The famous American classical liberal/libertarian, the late Milton Friedman, put it this way in an interview he gave in 1975 in Reason Magazine: "I think that the crucial question that anybody who believes in freedom has to ask himself is whether to let another man be free to sin. If you really know what sin is, if you could be absolutely certain that you had the revealed truth, then you could not let another man sin. You have to stop him." He also wrote, in his famous book, Capitalism and Freedom: “The liberal conceives of men as imperfect beings. He regards the problem of social organization to be as much a negative problem of preventing ‘bad’ people from doing harm as of enabling ‘good’ people to do good; and, of course, ‘bad’ and ‘good’ people may be the same people, depending on who is judging them.”
It is well known that Friedman was a great champion of human liberty. He supported his position, however, by claiming that no one can “really know what sin is.” And he argued that “if you could be absolutely certain that you had the revealed truth, [then] you could not let another man sin.”
This is a pivotal matter and doesn't really help support human liberty very much, although it has some notable champions, such as Professor Richard Epstein of the University of Chicago. In his book Skepticism and Freedom: A Modern Case for Classical Liberalism Epstein lays out in great detail this line of support for the free society. Don't interfere with people so as to promote some valuable goal because, well, you cannot know what is valuable.
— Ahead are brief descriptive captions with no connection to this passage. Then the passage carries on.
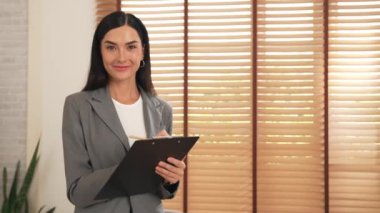 Mutlu ve gülümseyen kadın psikolog psikiyatri ofisinde ya da terapi odasında pano tutuyor. Arkadaş canlısı ve profesyonel ruh sağlığı danışmanı ya da terapisti. Blithe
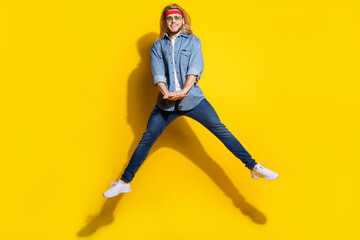 Photo of funny charming young gentleman wear jeans shirt dark glasses jumping high smiling isolated yellow color background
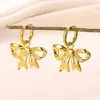 Brincos de aço inoxidável novos transfronteiriços brincos com pingente de laço feminino brincos brincos banhados a ouro uma geração de cabelo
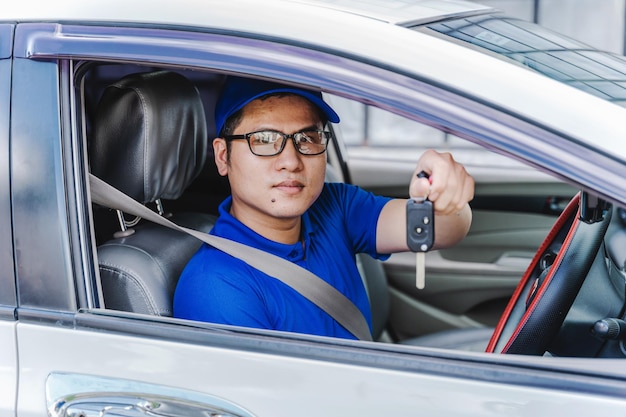 Mecânico asiático dando as chaves do carro sentado no carro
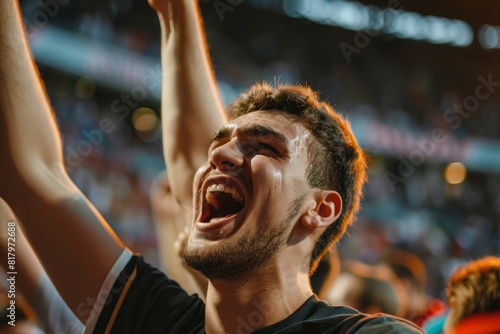 A young guy joyfully cheering  in the stadium during an event match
There is something seriously amiss with this way of defending human liberty and the free society. It can be made evident without too much difficulty. The bottom line is that very few people actually believe that one cannot know what is right versus wrong. Our criminal law certainly assumes the opposite, so many defendants are sent to prison for doing the criminally wrong thing (which is often supported by our supposedly knowledge of what is morally wrong). Parents, surely, profess to know right versus wrong when they rear their children. And as far as our conduct is concerned, it is totally unrealistic to hold that when we try to do what is right and refrain from doing what is wrong, we could accept that are always in the dark.
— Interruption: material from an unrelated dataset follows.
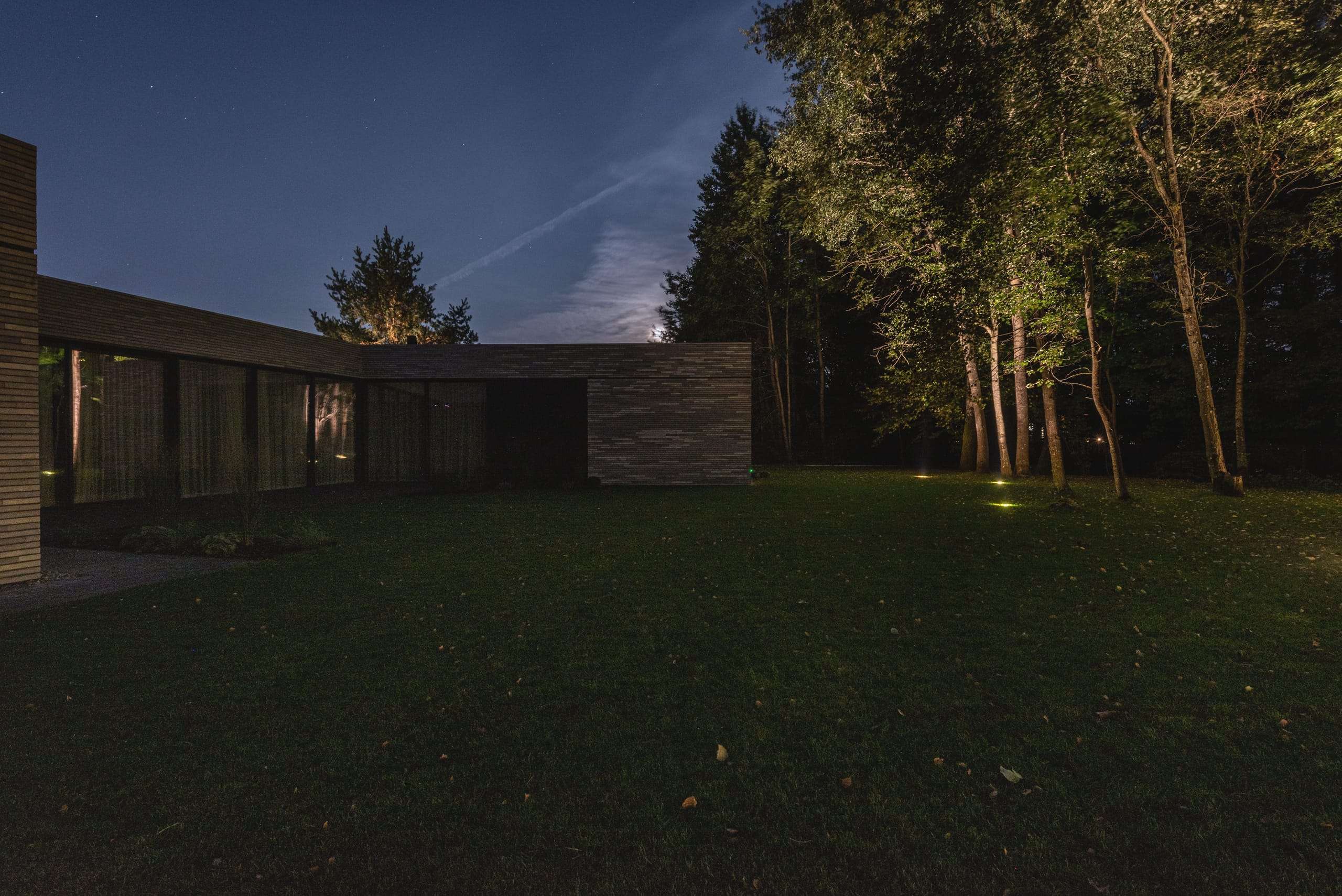 Modern Family House — at night seen across the lawn, uplit trees along the boundary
But not only is moral skepticism not widely accepted by people throughout the world, it is illogical to maintain the position. To start with a very plain case, even to say that "one should not interfere with others" is to commit oneself to a position on what is right versus wrong. This is the moral imperative requiring respect for others' liberty. You are saying, clearly, that people ought to refrain from intrusive conduct toward their fellows, which is a moral or normative judgment if anything is.
But what about Milton Friedman's claim that if one knows what sin is--what doing wrong is--one must stop it? Well, it is wrong. When people are required to do the right thing or avoid doing what is wrong, they must do this of their own free will. Otherwise their conduct has no moral significance. Forcing others to be good is an oxymoron. Doing what is right or not doing what is wrong has to be a matter of choice to be morally worthwhile. The only time one may intrude on others who do the wrong thing is if what they do amounts to intruding on their fellows, as in murder, theft, assault, rape, etc. When their wrongdoing is peaceful, no interference is justified.
That is what lies at the heart of human freedom: it is absolutely necessary for the morally significant life (although it is also very useful). That is why the nanny state, authoritarianism, paternalism, and totalitarianism are all very bad ideas--they promote treating people without regard to their moral agency, their responsibility to lead a moral life of their own free choices.
Knowing someone else is doing wrong, sinning or being vicious, doesn't justify interference. One may advocate that such people improve themselves but not force them to do so, not unless self-defense of the defense of innocent victims is involved. Everything else that is right needs to be done voluntarily. Otherwise the very humanity of people is being denied.